The code related to how a range file is written is in the struct RangeFileWriter
in namespace fileBackup
.
The code that decodes a range block is in ACTOR Future<Standalone<VectorRef<KeyValueRef>>> decodeRangeFileBlock(Reference<IAsyncFile> file, int64_t offset, int len)
.
Data format in a log file
A log file can have one to many data blocks.
Each block is encoded as Header, [Param1, Param2]... padding
.
The first 32bits in Param1
and Param2
specifies the length of the Param1
and Param2
.
Param1
specifies the version when the mutations happened;
Param2
encodes the group of mutations happened at the version.
Note that if the group of mutations is bigger than the block size, the mutation group will be split across multiple data blocks.

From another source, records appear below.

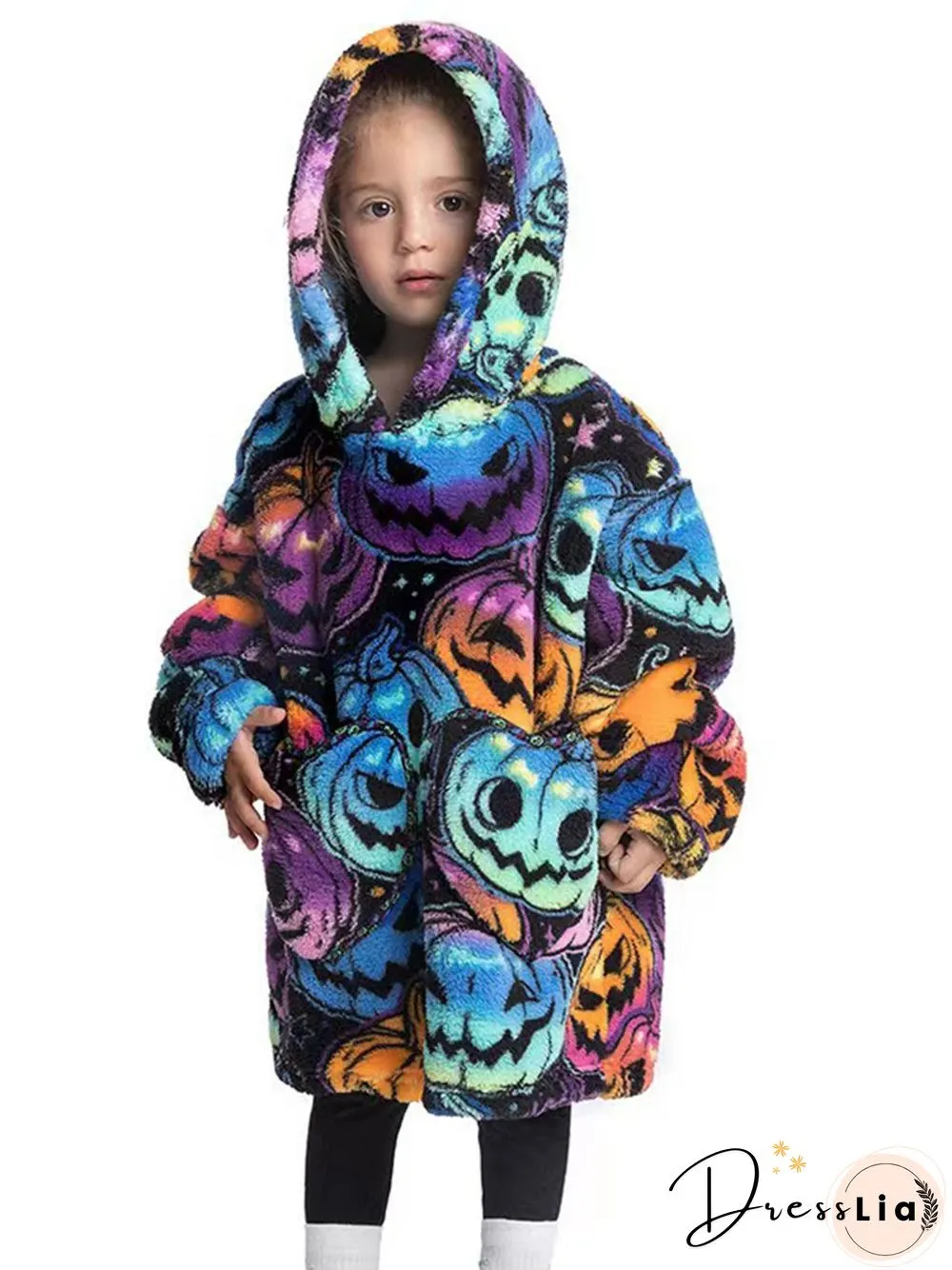 Halloween Pumpkin Print Pullover Flannel Hooded Warm Homewear Pajamas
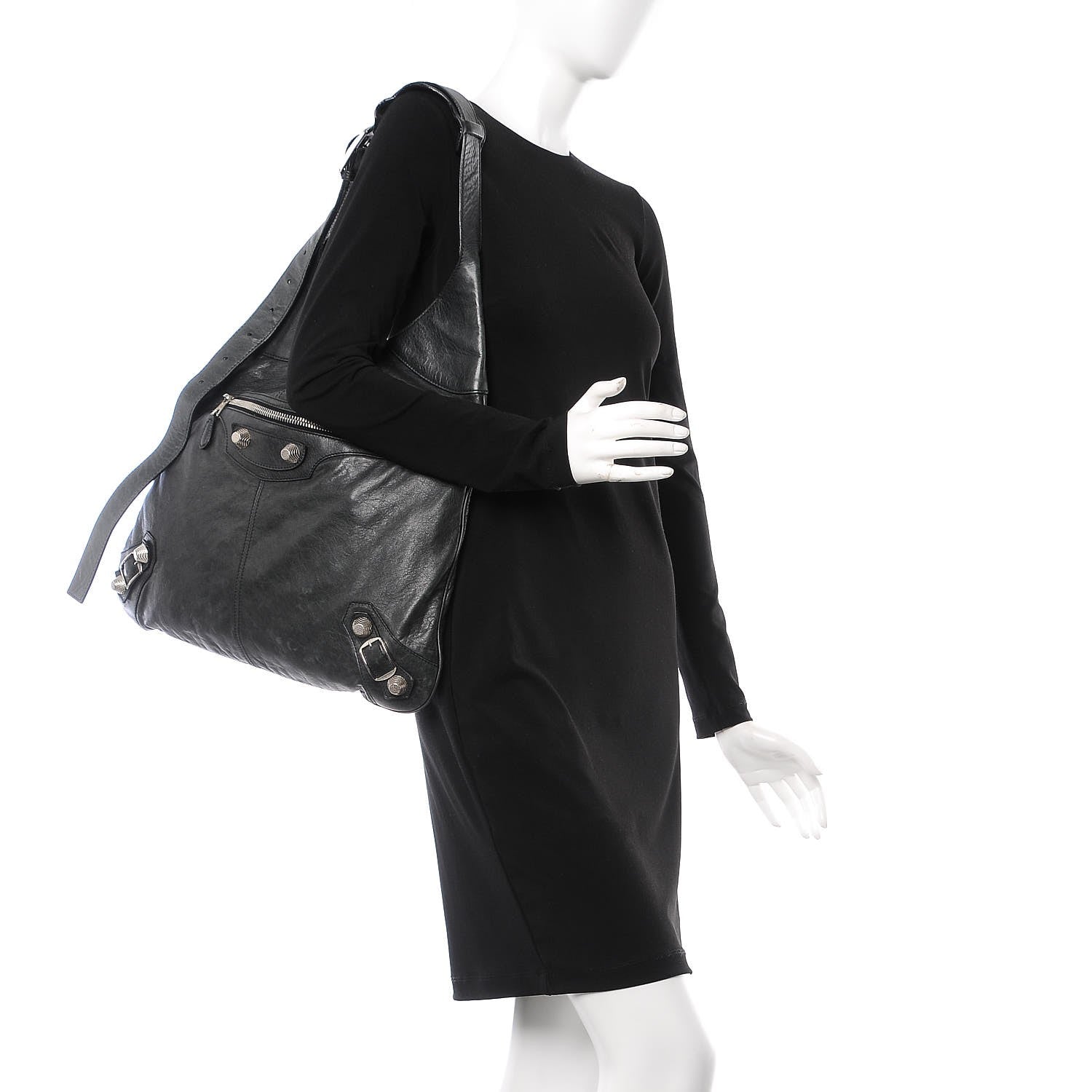 Balenciaga Chevre Giant 21 Silver Hardware Besace Hobo Black 2 of 10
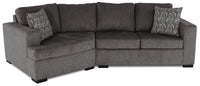 Legend 2-Piece Left-Facing Chenille Cuddler Sectional - Pewter 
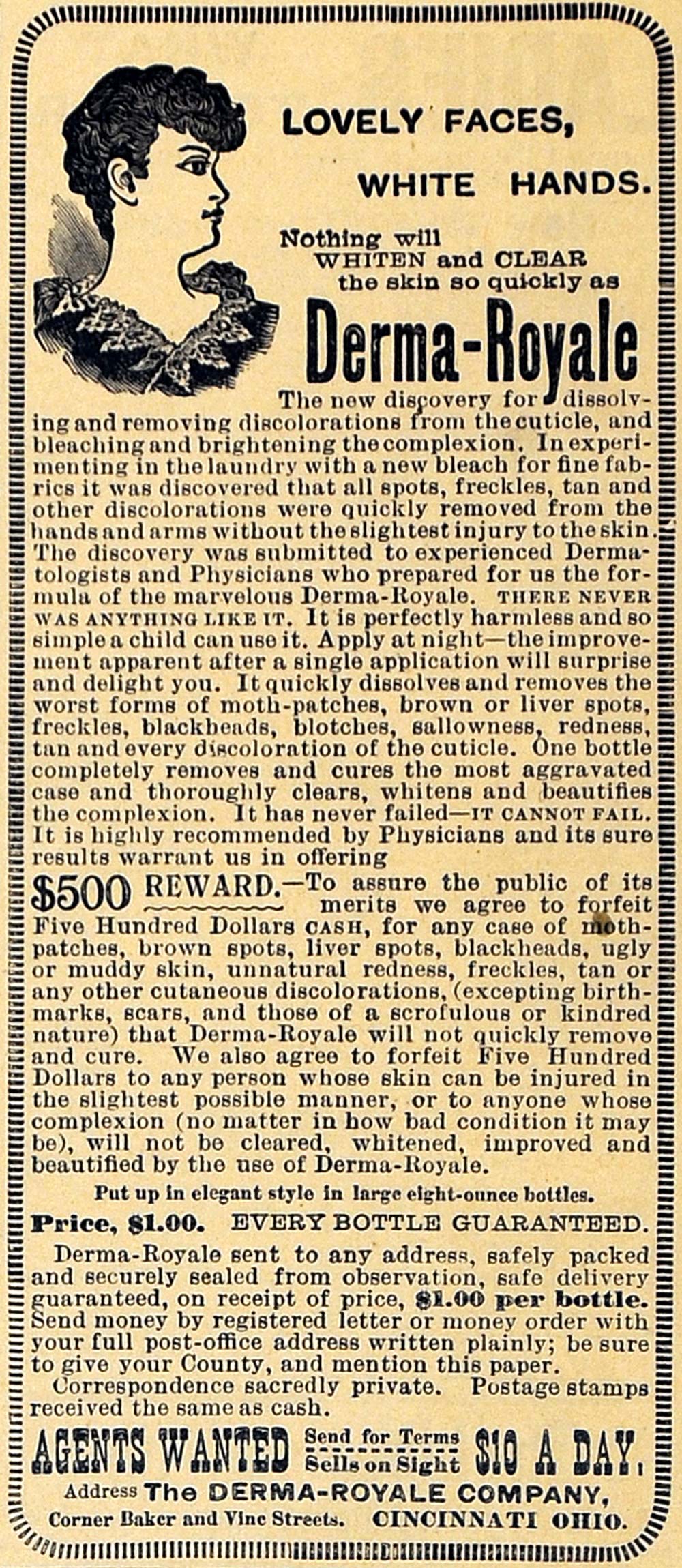 1892 Ad Derma Royale Co Pimples Eczema Skin Remedy - ORIGINAL ADVERTISING MAY1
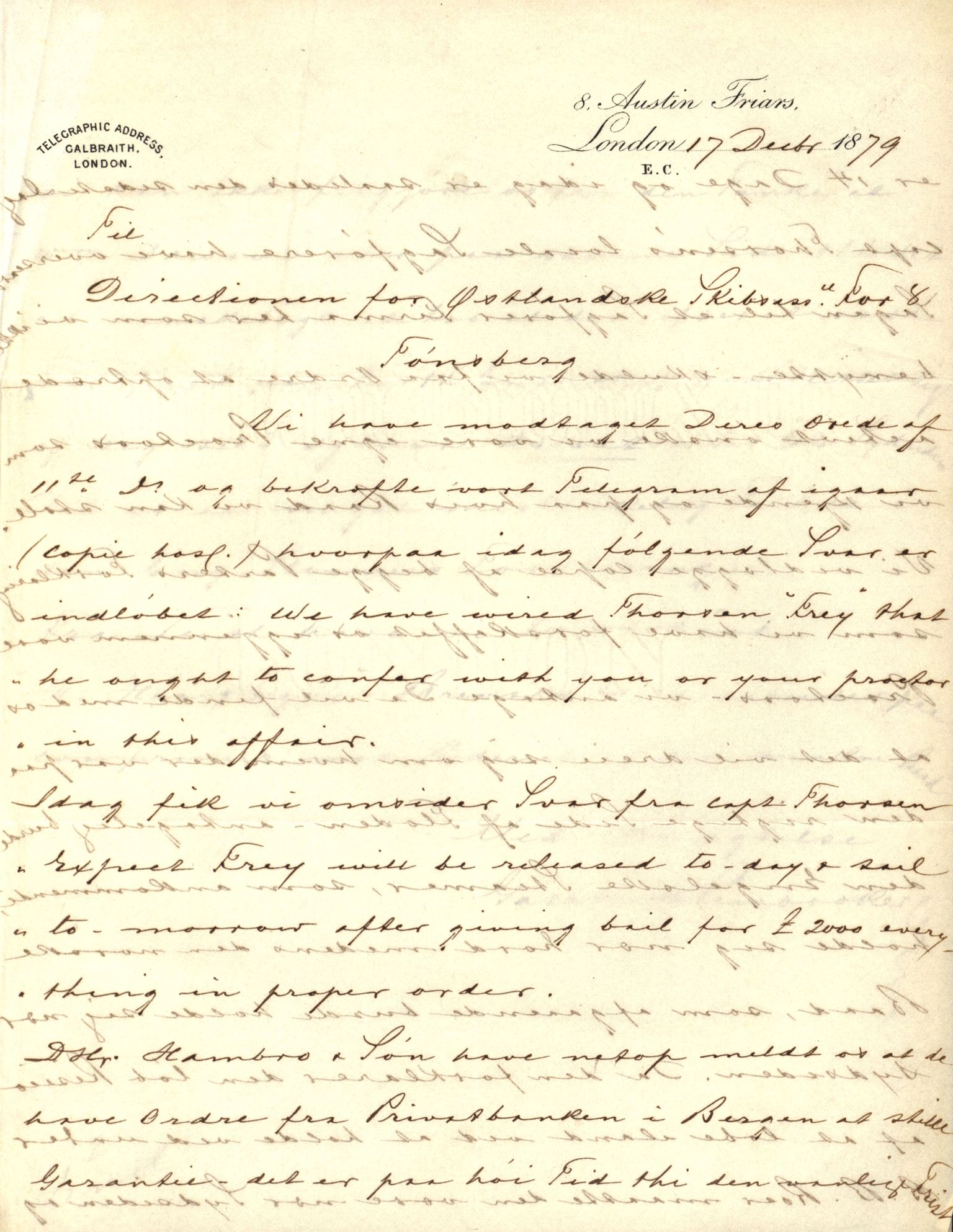 Pa 63 - Østlandske skibsassuranceforening, VEMU/A-1079/G/Ga/L0011/0032: Havaridokumenter / Frey, 1879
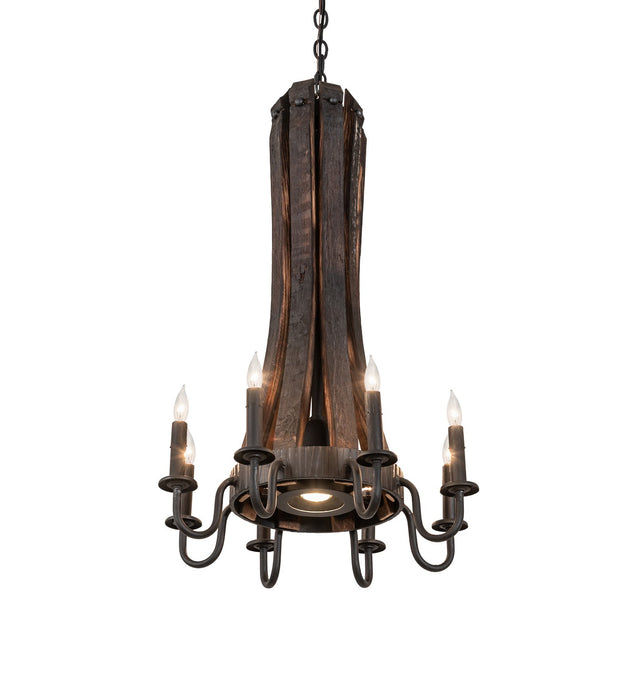 Meyda Tiffany 270083 Nine Light Chandelier, Costello Black/Charred Wood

For example, we may get [Param1, Param2_part0]
, [Param1, Param2_part1]
. By concatenating the Param2_part0
and Param2_part1
, we can get the group of all mutations happened in the version specified in Param1
.
The encoding format for Param1
is as follows:
hashValue|commitVersion|part
,
where hashValue
is the hash of the commitVersion, commitVersion
is the version when the mutations in Param2
(s) are taken, and part
is the part number in case we need to concatenate the Param2
to get the group of all mutations.
hashValue
takes 8bits, commitVersion
takes 64bits, and part
takes 32bits.
Note that in case of concatenating the partial group of mutations in Param2
to get the full group of all mutations, the part number should be continuous.
The encoding format for the group of mutations, which is Param2 or the concatenated Param2 in case of partial group of mutations in a block, is as follows:
length_of_the_mutation_group | encoded_mutation_1 | … | encoded_mutation_k
.
The encoded_mutation_i
is encoded as follows
type|kLen|vLen|Key|Value
where type is the mutation type, such as Set or Clear, kLen
and vLen
respectively are the length of the key and value in the mutation. Key
and Value
are the serialized value of the Key and Value in the mutation.
The code related to how a log file is written is in the struct LogFileWriter
in namespace fileBackup
.
The code that decodes a mutation block is in ACTOR Future<Standalone<VectorRef<KeyValueRef>>> decodeLogFileBlock(Reference<IAsyncFile> file, int64_t offset, int len)
.
Endianness
When the restore decodes a serialized integer from the backup file, it needs to convert the serialized value from big endian to little endian.
The reason is as follows: When the backup procedure transfers the data to remote blob store, the backup data is encoded in big endian. However, FoundationDB currently only run on little endian machines. The endianness affects the interpretation of an integer, so we must perform the endianness convertion.